#### Goal of the exercise
Write out the listing below in its entirety, minus the pictures, without changing a word.

#### Exercise data
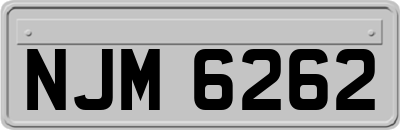 NJM6262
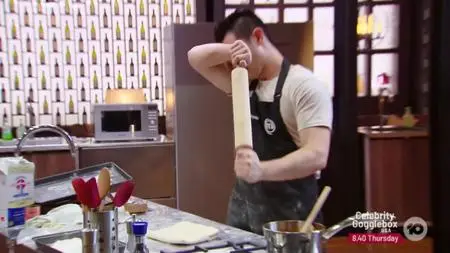 MasterChef Australia S12E40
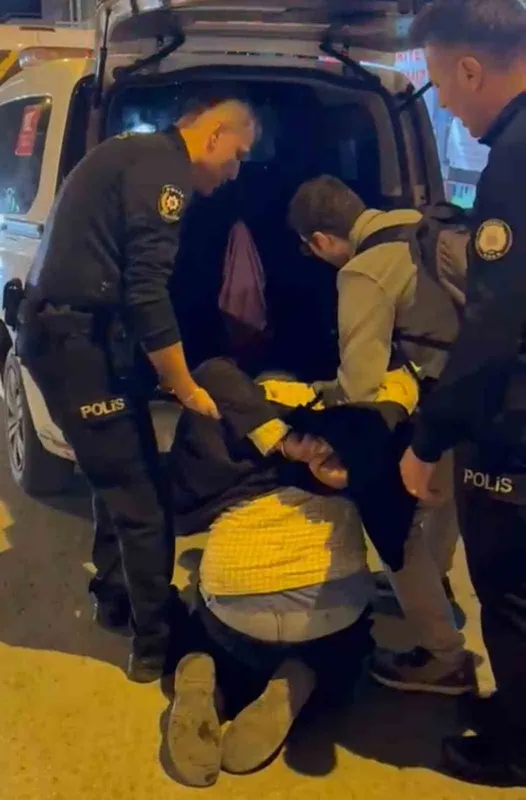 Ankara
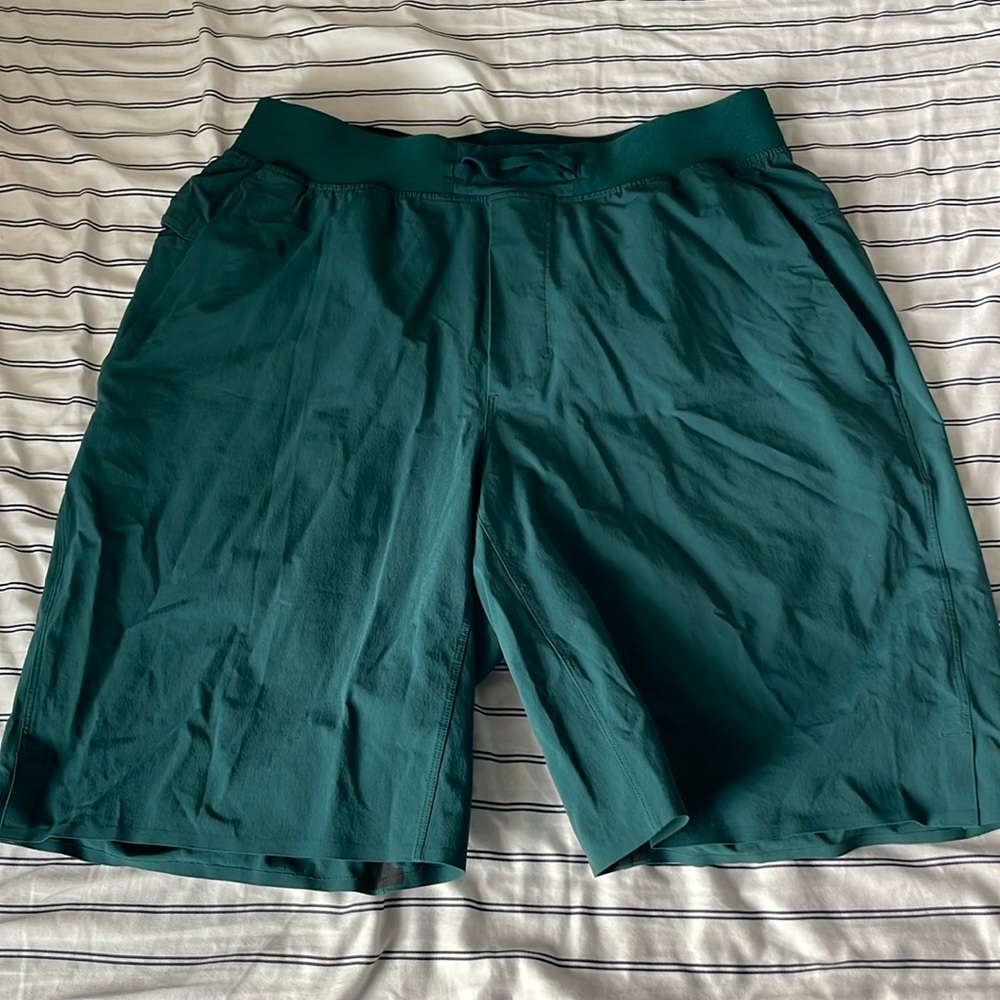 Lululemon Men’s Athletic Shorts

#### Answer space
 NJM6262
 MasterChef Australia S12E40
 Ankara
 Lululemon Men’s Athletic Shorts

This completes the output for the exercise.